= What you will do =
Exactly the lines from the one containing "688 Boone Ridge Rd, Jamestown, TN 38556" through the end of the data, and nothing more, should be retyped; pictures stay out.

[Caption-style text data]
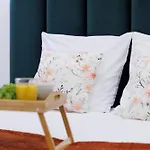 2 Rooms - Hyper Centre - Air-Conditioned - Terrace - Quiet - Tramway - Equipped Kitchen - Wifi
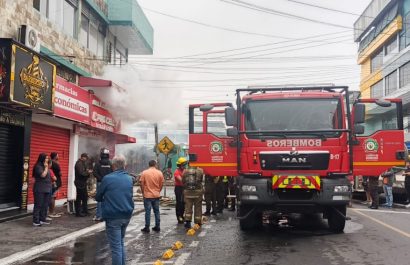 Un cortocircuito habría provocado incendio en tienda de celulares en Santo Domingo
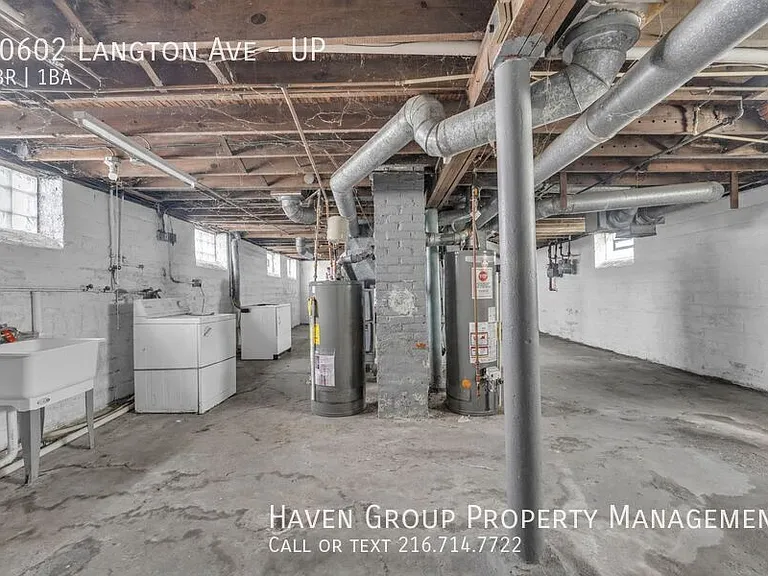 10602 Langton Ave #UP — Photo 20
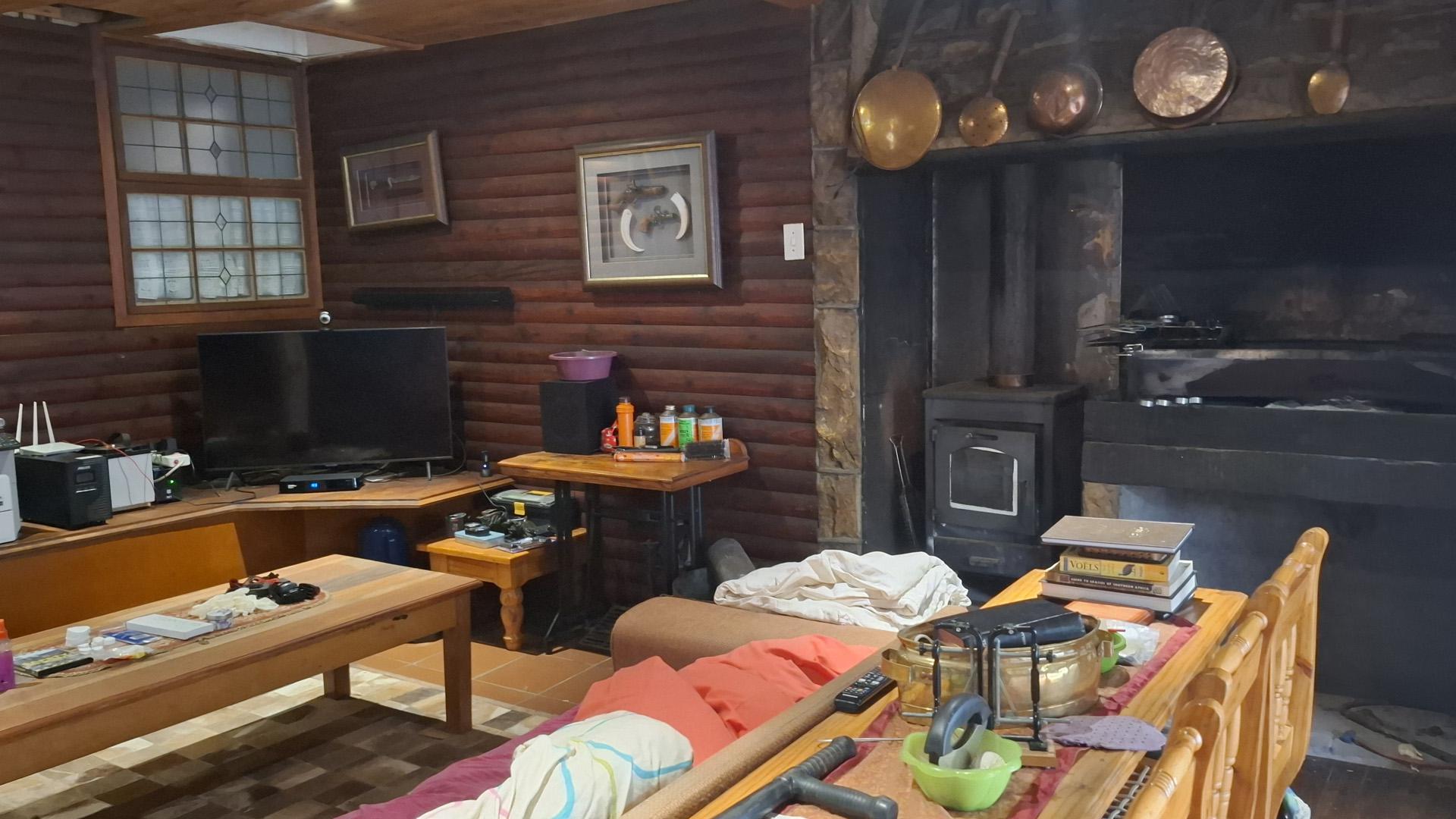 Lounges of property in Ficksburg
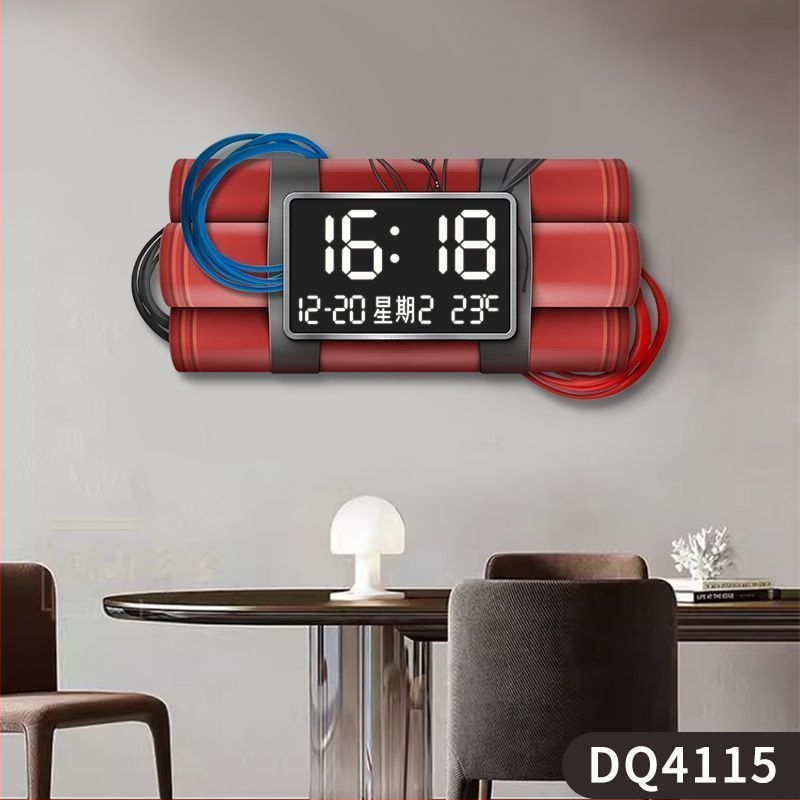 Taisnstūra sienas pulkstenis ar digitālo displeju, LED atmosfēras apgaismojumu, ārēja barošana un lecējošu sekundes kustību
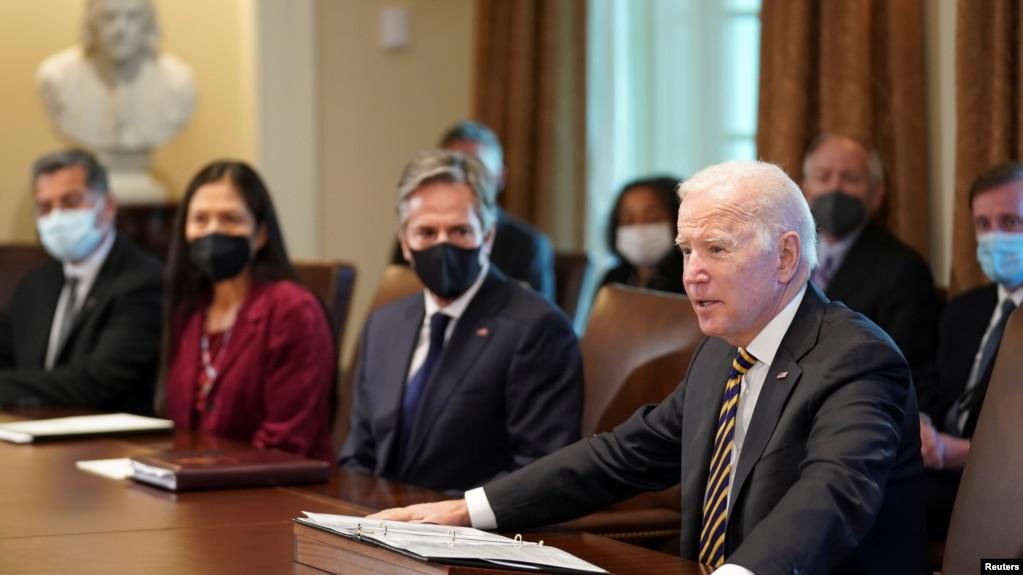 Tổng thống Joe Biden trong cuộc họp nội các về việc thực thi luật cơ sở hạ tầng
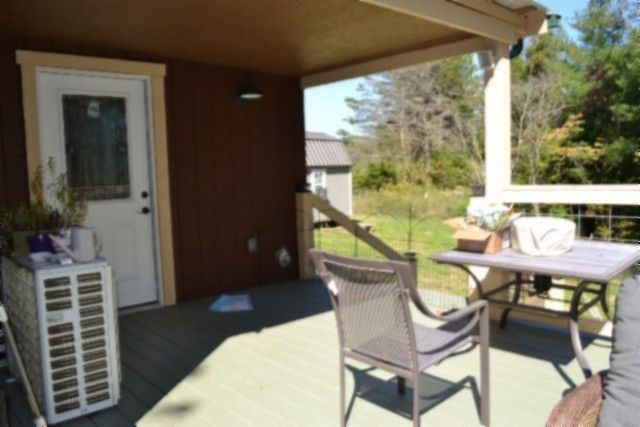 688 Boone Ridge Rd, Jamestown, TN 38556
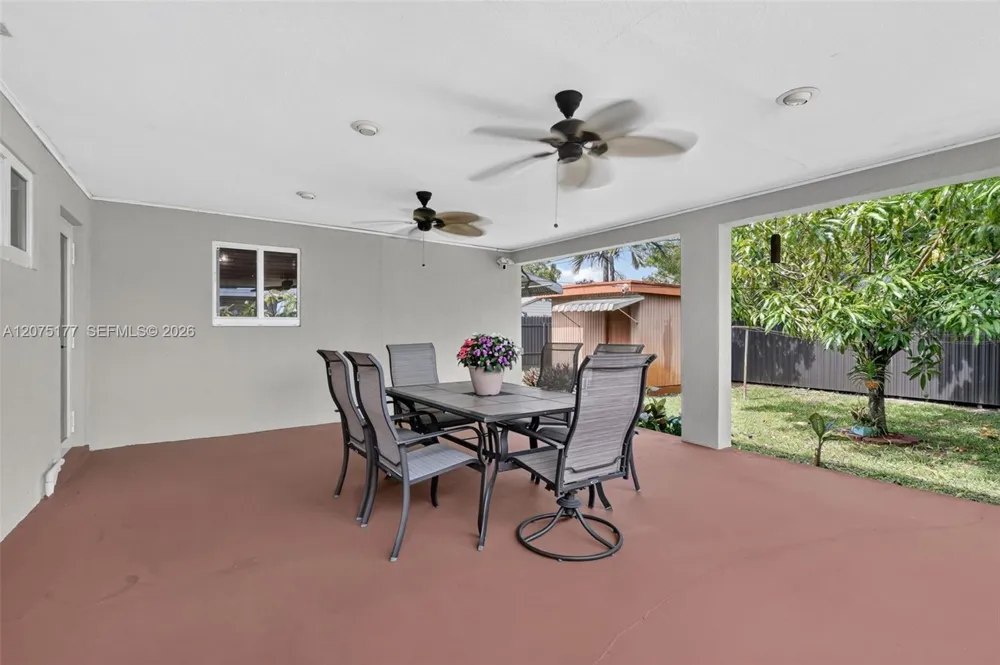 4585 E 9th Ln Hialeah, FL 33013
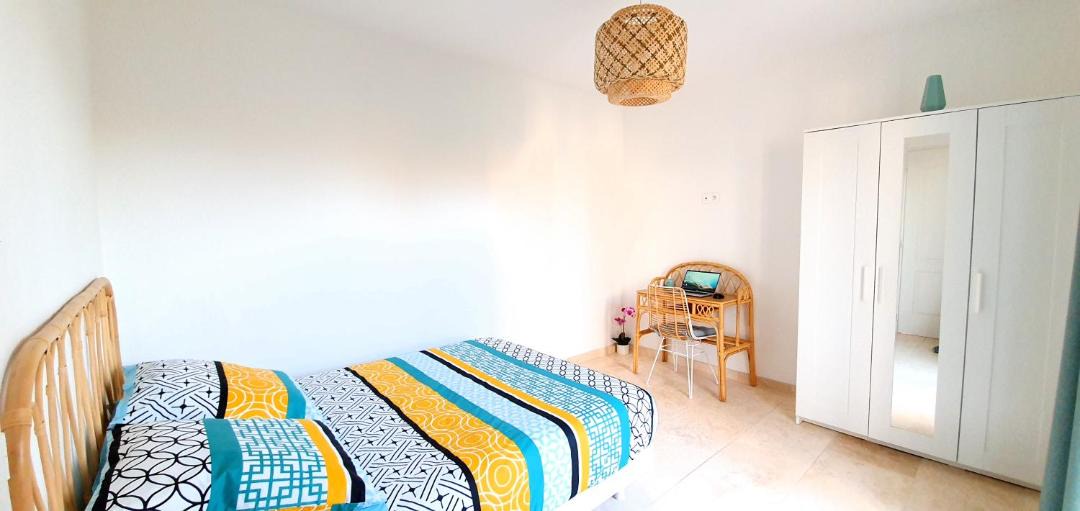Photo of Bedroom in Saint-Cannat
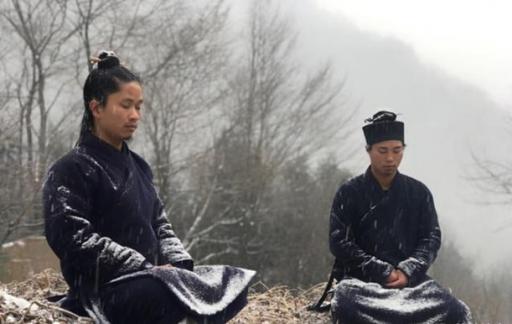 为什么在中国穷道士富和尚?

= Reply to the exercise =
 688 Boone Ridge Rd, Jamestown, TN 38556
 4585 E 9th Ln Hialeah, FL 33013
Photo of Bedroom in Saint-Cannat
 为什么在中国穷道士富和尚?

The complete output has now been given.